» **Required work**
Your answer needs to include each line of the records in which the string "from" can be found.

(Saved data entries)
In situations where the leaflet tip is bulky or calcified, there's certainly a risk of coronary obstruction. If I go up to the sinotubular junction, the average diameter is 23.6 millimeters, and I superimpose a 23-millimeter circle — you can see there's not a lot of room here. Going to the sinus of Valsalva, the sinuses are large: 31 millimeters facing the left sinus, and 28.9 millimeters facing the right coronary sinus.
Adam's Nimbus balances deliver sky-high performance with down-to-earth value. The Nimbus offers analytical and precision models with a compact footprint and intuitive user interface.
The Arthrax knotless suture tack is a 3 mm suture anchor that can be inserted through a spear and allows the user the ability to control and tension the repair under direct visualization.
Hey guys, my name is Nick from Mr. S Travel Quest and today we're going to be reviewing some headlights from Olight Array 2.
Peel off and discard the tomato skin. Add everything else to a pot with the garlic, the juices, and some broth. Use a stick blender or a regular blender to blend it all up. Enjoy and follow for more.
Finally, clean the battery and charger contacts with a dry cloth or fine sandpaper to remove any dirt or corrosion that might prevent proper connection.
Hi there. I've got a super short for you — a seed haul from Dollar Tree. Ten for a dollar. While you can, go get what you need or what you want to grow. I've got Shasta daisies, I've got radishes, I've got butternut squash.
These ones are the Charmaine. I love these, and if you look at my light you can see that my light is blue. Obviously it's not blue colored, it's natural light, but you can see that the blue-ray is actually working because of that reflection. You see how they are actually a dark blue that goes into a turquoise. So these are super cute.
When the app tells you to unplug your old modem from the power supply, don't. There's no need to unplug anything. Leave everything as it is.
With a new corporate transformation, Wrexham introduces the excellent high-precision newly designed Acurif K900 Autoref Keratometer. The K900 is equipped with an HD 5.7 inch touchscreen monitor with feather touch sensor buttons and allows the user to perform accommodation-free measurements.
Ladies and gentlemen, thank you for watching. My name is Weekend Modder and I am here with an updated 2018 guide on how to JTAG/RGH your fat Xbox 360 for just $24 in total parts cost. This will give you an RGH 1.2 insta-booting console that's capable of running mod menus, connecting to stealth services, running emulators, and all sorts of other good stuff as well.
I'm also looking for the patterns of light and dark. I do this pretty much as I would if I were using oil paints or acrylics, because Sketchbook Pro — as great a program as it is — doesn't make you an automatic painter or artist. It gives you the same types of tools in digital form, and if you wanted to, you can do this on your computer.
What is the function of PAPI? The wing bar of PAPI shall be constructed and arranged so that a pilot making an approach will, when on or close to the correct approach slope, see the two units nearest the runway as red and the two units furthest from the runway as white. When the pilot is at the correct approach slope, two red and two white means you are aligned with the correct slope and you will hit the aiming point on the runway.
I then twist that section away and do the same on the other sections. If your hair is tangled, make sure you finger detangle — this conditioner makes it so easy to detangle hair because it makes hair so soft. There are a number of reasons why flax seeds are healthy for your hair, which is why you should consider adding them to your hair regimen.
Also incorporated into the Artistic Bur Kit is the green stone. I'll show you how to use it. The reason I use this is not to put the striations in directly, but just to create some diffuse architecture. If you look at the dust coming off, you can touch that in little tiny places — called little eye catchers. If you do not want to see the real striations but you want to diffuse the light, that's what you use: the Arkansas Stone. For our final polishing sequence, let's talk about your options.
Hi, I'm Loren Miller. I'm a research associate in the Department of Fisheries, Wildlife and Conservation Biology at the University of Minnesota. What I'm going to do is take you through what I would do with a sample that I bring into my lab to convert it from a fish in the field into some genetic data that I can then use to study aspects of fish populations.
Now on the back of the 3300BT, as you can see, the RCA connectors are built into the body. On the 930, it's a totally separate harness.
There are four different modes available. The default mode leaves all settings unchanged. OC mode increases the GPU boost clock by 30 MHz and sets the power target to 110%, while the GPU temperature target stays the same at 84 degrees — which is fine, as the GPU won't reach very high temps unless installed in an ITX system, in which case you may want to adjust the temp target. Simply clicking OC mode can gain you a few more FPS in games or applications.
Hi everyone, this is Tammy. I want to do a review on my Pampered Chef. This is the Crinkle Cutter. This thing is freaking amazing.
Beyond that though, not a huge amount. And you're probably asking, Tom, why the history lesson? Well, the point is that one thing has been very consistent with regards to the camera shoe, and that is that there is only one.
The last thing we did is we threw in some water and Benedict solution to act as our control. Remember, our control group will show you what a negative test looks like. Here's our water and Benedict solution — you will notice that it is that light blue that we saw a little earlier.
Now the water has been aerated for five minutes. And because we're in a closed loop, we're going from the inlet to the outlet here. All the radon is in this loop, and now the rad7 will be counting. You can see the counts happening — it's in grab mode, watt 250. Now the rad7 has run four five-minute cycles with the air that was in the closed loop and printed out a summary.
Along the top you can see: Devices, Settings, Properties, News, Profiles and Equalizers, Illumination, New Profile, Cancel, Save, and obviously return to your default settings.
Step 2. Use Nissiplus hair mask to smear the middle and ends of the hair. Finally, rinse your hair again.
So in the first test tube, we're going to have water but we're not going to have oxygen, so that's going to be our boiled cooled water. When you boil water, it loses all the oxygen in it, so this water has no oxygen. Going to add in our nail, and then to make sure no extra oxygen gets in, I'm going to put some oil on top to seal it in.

» **Problem solution**
Hey guys, my name is Nick from Mr. S Travel Quest and today we're going to be reviewing some headlights from Olight Array 2.
Hi there. I've got a super short for you — a seed haul from Dollar Tree. Ten for a dollar. While you can, go get what you need or what you want to grow. I've got Shasta daisies, I've got radishes, I've got butternut squash.
When the app tells you to unplug your old modem from the power supply, don't. There's no need to unplug anything. Leave everything as it is.
What is the function of PAPI? The wing bar of PAPI shall be constructed and arranged so that a pilot making an approach will, when on or close to the correct approach slope, see the two units nearest the runway as red and the two units furthest from the runway as white. When the pilot is at the correct approach slope, two red and two white means you are aligned with the correct slope and you will hit the aiming point on the runway.
Hi, I'm Loren Miller. I'm a research associate in the Department of Fisheries, Wildlife and Conservation Biology at the University of Minnesota. What I'm going to do is take you through what I would do with a sample that I bring into my lab to convert it from a fish in the field into some genetic data that I can then use to study aspects of fish populations.
Now the water has been aerated for five minutes. And because we're in a closed loop, we're going from the inlet to the outlet here. All the radon is in this loop, and now the rad7 will be counting. You can see the counts happening — it's in grab mode, watt 250. Now the rad7 has run four five-minute cycles with the air that was in the closed loop and printed out a summary.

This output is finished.